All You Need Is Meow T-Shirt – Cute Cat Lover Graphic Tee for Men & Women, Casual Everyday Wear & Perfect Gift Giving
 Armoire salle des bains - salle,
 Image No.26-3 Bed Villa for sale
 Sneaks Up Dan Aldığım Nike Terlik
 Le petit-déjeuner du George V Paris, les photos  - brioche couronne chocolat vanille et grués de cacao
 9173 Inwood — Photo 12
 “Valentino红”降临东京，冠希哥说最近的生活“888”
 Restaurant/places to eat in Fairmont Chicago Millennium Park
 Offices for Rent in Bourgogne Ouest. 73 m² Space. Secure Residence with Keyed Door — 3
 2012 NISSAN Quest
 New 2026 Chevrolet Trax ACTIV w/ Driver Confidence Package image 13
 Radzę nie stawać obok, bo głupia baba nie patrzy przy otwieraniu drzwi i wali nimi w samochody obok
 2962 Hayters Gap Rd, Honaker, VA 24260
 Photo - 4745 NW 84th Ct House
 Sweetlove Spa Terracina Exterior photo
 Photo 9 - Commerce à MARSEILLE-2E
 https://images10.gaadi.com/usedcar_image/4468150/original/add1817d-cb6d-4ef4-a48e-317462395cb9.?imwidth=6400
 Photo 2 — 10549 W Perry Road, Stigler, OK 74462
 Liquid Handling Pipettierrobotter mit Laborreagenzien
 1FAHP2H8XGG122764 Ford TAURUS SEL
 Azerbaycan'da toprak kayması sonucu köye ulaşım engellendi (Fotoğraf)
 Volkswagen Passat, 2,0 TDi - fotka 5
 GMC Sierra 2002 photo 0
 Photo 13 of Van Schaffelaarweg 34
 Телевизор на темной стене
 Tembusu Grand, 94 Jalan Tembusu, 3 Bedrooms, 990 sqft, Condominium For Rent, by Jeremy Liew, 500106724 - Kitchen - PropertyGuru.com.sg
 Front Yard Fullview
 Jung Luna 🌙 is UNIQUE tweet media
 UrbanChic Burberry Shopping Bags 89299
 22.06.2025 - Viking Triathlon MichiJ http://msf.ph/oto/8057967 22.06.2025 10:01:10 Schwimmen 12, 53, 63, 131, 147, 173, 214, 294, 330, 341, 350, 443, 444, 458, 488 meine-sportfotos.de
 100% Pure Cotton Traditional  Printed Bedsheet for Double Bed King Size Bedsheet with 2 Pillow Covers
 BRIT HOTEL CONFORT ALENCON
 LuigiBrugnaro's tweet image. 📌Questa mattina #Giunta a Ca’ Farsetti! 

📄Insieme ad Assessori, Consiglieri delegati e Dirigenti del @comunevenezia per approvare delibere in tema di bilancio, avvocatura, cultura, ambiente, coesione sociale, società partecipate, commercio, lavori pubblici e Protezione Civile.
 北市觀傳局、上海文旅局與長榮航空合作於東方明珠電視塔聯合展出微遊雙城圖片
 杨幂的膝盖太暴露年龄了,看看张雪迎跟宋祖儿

Action item
The first line of the data, the line with "UrbanChic Burberry Shopping Bags 89299", and all lines in between are to be copied exactly. Leave out everything else.

Written solution
All You Need Is Meow T-Shirt – Cute Cat Lover Graphic Tee for Men & Women, Casual Everyday Wear & Perfect Gift Giving
 Armoire salle des bains - salle,
 Image No.26-3 Bed Villa for sale
 Sneaks Up Dan Aldığım Nike Terlik
 Le petit-déjeuner du George V Paris, les photos  - brioche couronne chocolat vanille et grués de cacao
 9173 Inwood — Photo 12
 “Valentino红”降临东京，冠希哥说最近的生活“888”
 Restaurant/places to eat in Fairmont Chicago Millennium Park
 Offices for Rent in Bourgogne Ouest. 73 m² Space. Secure Residence with Keyed Door — 3
 2012 NISSAN Quest
 New 2026 Chevrolet Trax ACTIV w/ Driver Confidence Package image 13
 Radzę nie stawać obok, bo głupia baba nie patrzy przy otwieraniu drzwi i wali nimi w samochody obok
 2962 Hayters Gap Rd, Honaker, VA 24260
 Photo - 4745 NW 84th Ct House
 Sweetlove Spa Terracina Exterior photo
 Photo 9 - Commerce à MARSEILLE-2E
 https://images10.gaadi.com/usedcar_image/4468150/original/add1817d-cb6d-4ef4-a48e-317462395cb9.?imwidth=6400
 Photo 2 — 10549 W Perry Road, Stigler, OK 74462
 Liquid Handling Pipettierrobotter mit Laborreagenzien
 1FAHP2H8XGG122764 Ford TAURUS SEL
 Azerbaycan'da toprak kayması sonucu köye ulaşım engellendi (Fotoğraf)
 Volkswagen Passat, 2,0 TDi - fotka 5
 GMC Sierra 2002 photo 0
 Photo 13 of Van Schaffelaarweg 34
 Телевизор на темной стене
 Tembusu Grand, 94 Jalan Tembusu, 3 Bedrooms, 990 sqft, Condominium For Rent, by Jeremy Liew, 500106724 - Kitchen - PropertyGuru.com.sg
 Front Yard Fullview
 Jung Luna 🌙 is UNIQUE tweet media
 UrbanChic Burberry Shopping Bags 89299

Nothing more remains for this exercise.